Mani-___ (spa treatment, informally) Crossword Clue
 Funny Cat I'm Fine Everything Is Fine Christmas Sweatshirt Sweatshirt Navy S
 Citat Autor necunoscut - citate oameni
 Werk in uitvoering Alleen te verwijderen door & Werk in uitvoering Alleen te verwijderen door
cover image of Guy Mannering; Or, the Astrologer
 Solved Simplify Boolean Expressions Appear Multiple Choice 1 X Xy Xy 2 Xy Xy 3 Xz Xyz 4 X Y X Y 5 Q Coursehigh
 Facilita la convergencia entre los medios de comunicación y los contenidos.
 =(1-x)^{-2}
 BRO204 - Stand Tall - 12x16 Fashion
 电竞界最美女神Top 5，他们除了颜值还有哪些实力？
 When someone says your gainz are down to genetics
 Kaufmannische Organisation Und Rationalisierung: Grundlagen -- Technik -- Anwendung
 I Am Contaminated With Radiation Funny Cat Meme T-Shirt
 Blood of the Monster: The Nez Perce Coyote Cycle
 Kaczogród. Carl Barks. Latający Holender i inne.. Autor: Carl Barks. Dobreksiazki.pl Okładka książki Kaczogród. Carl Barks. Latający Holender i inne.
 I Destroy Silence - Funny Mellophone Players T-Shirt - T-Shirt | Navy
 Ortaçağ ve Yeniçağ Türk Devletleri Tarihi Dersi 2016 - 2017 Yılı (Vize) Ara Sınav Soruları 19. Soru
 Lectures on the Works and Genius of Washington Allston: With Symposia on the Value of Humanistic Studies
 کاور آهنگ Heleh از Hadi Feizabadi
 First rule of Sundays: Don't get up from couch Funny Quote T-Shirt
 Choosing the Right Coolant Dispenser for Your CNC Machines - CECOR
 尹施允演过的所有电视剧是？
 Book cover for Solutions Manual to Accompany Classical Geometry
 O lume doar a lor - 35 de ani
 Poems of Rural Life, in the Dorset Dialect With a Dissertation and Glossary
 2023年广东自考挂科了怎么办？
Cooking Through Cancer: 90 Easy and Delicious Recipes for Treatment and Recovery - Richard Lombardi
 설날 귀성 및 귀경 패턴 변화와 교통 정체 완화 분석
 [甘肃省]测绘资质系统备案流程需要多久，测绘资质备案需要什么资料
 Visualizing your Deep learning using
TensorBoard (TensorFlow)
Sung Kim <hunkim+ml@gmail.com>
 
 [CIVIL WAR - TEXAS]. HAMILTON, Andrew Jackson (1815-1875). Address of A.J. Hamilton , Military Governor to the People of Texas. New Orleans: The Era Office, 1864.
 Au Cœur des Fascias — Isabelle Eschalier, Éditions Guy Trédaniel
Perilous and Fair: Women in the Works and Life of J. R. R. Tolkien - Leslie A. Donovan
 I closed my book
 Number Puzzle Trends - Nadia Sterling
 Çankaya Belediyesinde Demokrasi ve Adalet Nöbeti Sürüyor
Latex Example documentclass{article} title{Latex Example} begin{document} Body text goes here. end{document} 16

* * * * *

AIM OF THE TASK: Taking the records above, retype every line from the one with "I Am Contaminated" down to the one with "Kaczogród. Carl Barks. Latający Holender i inne..", exactly and with nothing else.

WRITTEN RESPONSE:
 I Am Contaminated With Radiation Funny Cat Meme T-Shirt
 Blood of the Monster: The Nez Perce Coyote Cycle
 Kaczogród. Carl Barks. Latający Holender i inne.. Autor: Carl Barks. Dobreksiazki.pl Okładka książki Kaczogród. Carl Barks. Latający Holender i inne.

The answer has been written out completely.